Millions for prevention could save billions

CDC likely to fall short of lofty goals

(Editor’s note: This fall, AIDS Alert will provide complete coverage of the biannual prevention conference sponsored by the Centers for Disease Control and Prevention and held July 27-30 in Atlanta. The study discussed in the article below preceded the conference.)

The Centers for Disease Control and Prevention of Atlanta set a national goal in 2001 of a 50% reduction in new HIV infections by 2005. If the nation succeeds in meeting this goal, there will be 130,000 fewer HIV infections, and the savings in unspent health care dollars would amount to $18.5 billion, a new study shows.1

That’s the good news. The bad news is that there are no signs that new HIV infection rates have been reduced at all in the past two years, and there is some evidence that they may be increasing.

"Of states with HIV surveillance in the last couple of years, there was an 8% increase in newly diagnosed HIV infections, so that would be an area of concern," says David Holtgrave, PhD, a professor in the Rollins School of Public Health at Emory University in Atlanta.

Achieving the goal of reducing new infections by half would require an additional $383 million per year for prevention programs. But even taking that cost into account, the savings to the nation’s health care system would be $18.5 billion by 2005, Holtgrave says.

Investigators determined the $18 billion cost based partly on estimates that lifetime treatment costs for a person living with HIV is about $154,000 in 1996 dollars. The analysis also assumes it would be possible to reduce new infection rates by half, given enough financial input

Holtgrave, a co-author of the study on economic implications of HIV infections, directed HIV/AIDS prevention for the CDC from 1997 to 2001. If the CDC ultimately fails to reduce HIV new infections by 50% or even 5%, it will essentially be a money matter, he says.

"These sorts of funding decisions aren’t made within the CDC," Holtgrave says. "A major expansion of a prevention program is something that would be made more in terms of the president’s budget and then, especially, in Congress."

Federal funding of HIV prevention programs received only inflationary increases during the 1990s. The CDC’s fiscal year 2003 budget was increased by only $9 million from the previous year, Holtgrave notes.

Two years ago, the CDC estimated that in order to reduce new HIV infections by 50% in four years, it would be necessary to increase by 30,000 each year the number of infected people who learn their serostatus and are linked to care and prevention services. Also, the CDC stated that full prevention services were necessary for all HIV-infected people, and achieving those goals would require an additional $300 million a year, according to a CDC study published in 2001 in the American Journal of Public Health.2

The $383 million figure is based on the investigators’ calculations of what it would cost to fund state-of-the-art prevention services. The success of additional prevention efforts would depend on whether the money was earmarked for scientifically effective programs or whether spending was constrained by policy barriers, Holtgrave says.

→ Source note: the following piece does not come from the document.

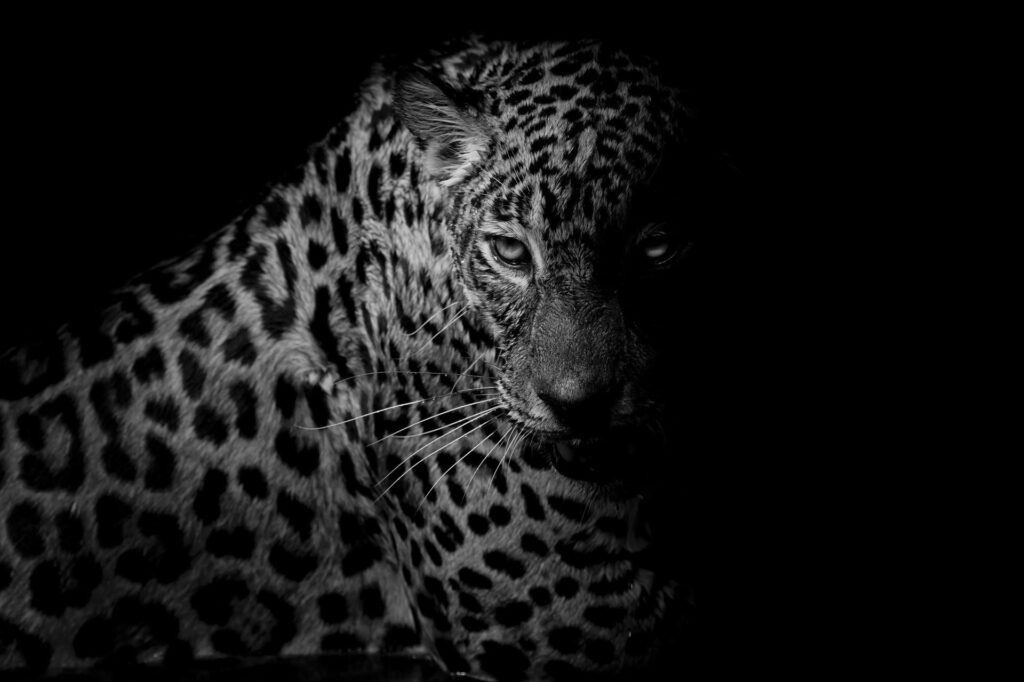 Black Leopard Wallpapers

"We’ve done quite a number of studies, starting with the more specific and moving toward the national, on things like small-group behavioral intervention for women attending urban primary care clinics, specific interventions for gay men, and we’ve also looked at programs for African-American adolescents," Holtgrave explains. "In these previous studies, we looked at the interventions that have been shown to be effective and cost-effective."

For example, the CDC has expanded prevention programs through a model the CDC calls the Serostatus Approach to Fighting the Epidemic, which includes a focus on linking HIV-infected people with prevention programs created by community-based organizations and health departments, and with case management related to clinical care and social services that include risk-reduction counseling.

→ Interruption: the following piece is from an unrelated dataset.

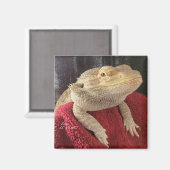 Bartdrache Schwarz und Roter Platz Magnet (Vorderseite/Rückseite)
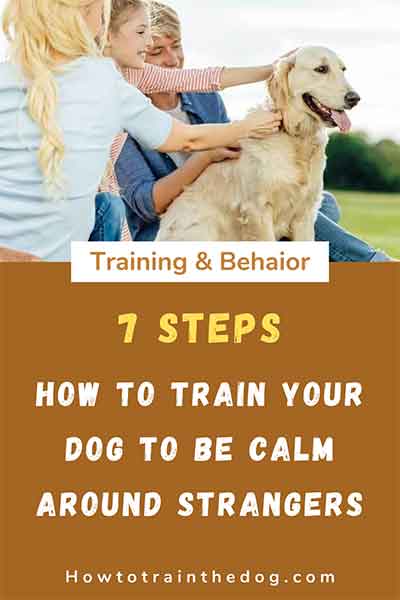 How To Train Your Dog To Be Calm Around Strangers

The key to success with prevention programs is implementing those that are effective according to scientific research, Holtgrave says.

"In some areas, if you put enough strings on money, then you might impact the program’s effectiveness," Holtgrave says. "In the U.S., it’s really important to be able to do programs found to be scientifically sound and go forward with those."

However, the potential use of additional prevention funds is a moot point because there has been no push to significantly increase the CDC’s prevention budget.

"In the United States, the public health system is not used to an incidence level that has remained flat in this way for so long," Holtgrave says. "I think HIV is an issue that people are somewhat burned out on, and it’s often taking a backseat these days, especially HIV prevention issues."

Apathy toward the epidemic could spell bad news for the public health system, as there have been clusters of increased incidences of sexually transmitted diseases, and there are other indicators that HIV infection rates could be on the rise, Holtgrave says.

One of the problems is that the CDC doesn’t have accurate HIV incidence numbers; more than half of the states have only just begun to collect HIV infection data, and it may be several years before the data can be considered useful, Holtgrave explains.

"I think it will probably take some time for the HIV incidence numbers to be available," Holtgrave says. "But it’s sorely needed, and it’s not the kind of thing that’s available in the next few months."


1. Holtgrave DR, Pinkerton SD. Economic implications of failure to reduce incident HIV infections by 50% by 2005 in the United States. JAIDS 2003; 33:171-174.

2. Janssen RS, Holtgrave DR, Valdiserri RO, et al. The serostatus approach to fighting the HIV epidemic: Prevention strategies for infected individuals. Am J Pub Health 2001; 91:1019-1024.